Jadi, awal patofisiologis DM Tipe 2 bukan disebabkan oleh kurangnya sekresi
insulin, tetapi karena sel-sel sasaran insulin gagal atau tak mampu merespon
insulin secara normal. Keadaan ini lazim disebut sebagai “Resistensi Insulin”.

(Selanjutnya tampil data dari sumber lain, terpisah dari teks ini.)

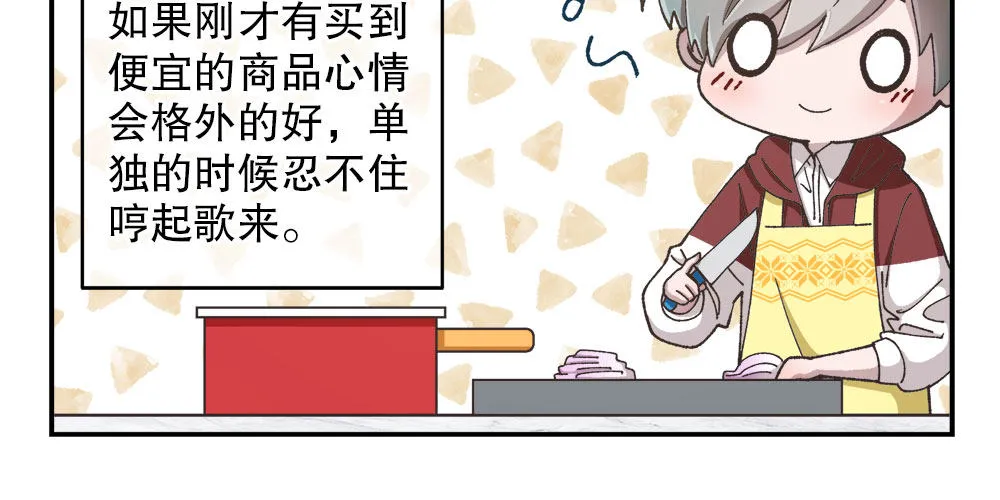番外1：管家的一天 第32页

Resistensi insulin banyak terjadi di
negara-negara maju seperti Amerika Serikat, antara lain sebagai akibat dari
obesitas, gaya hidup kurang gerak (sedentary), dan penuaan. Disamping resistensi insulin, pada penderita
DM Tipe 2 dapat juga timbul gangguan sekresi insulin dan produksi glukosa
hepatik yang berlebihan. Namun demikian, tidak terjadi pengrusakan sel-sel β Langerhans secara otoimun sebagaimana yang
terjadi pada DM Tipe 1. Dengan demikian defisiensi fungsi insulin pada
penderita DM Tipe 2 hanya bersifat relatif, tidak absolut. Oleh sebab itu dalam
penanganannya umumnya tidak memerlukan terapi pemberian insulin. Sel-sel β kelenjar pankreas mensekresi insulin dalam
dua fase. Fase pertama sekresi insulin terjadi segera setelah stimulus atau
rangsangan glukosa yang ditandai dengan meningkatnya kadar glukosa darah,
sedangkan sekresi fase kedua terjadi sekitar 20 menit sesudahnya. Pada awal
perkembangan DM Tipe 2, sel-sel β
menunjukkan gangguan pada sekresi insulin fase pertama, artinya sekresi insulin gagal mengkompensasi
resistensi insulin Apabila tidak ditangani dengan baik, pada perkembangan
penyakit selanjutnya penderita DM Tipe 2 akan mengalami kerusakan sel-sel β pankreas yang terjadi secara progresif,
yang seringkali akan mengakibatkan defisiensi insulin, sehingga akhirnya
penderita memerlukan insulin eksogen.
Penelitian mutakhir menunjukkan bahwa
pada penderita DM Tipe 2 umumnya
ditemukan kedua faktor tersebut, yaitu resistensi insulin dan defisiensi
insulin. Berdasarkan uji toleransi
glukosa oral, penderita DM Tipe 2 dapat dibagi menjadi 4 kelompok:
a. Kelompok yang hasil uji toleransi
glukosanya normal
b. Kelompok yang hasil uji toleransi
glukosanya abnormal, disebut juga Diabetes Kimia (Chemical Diabetes)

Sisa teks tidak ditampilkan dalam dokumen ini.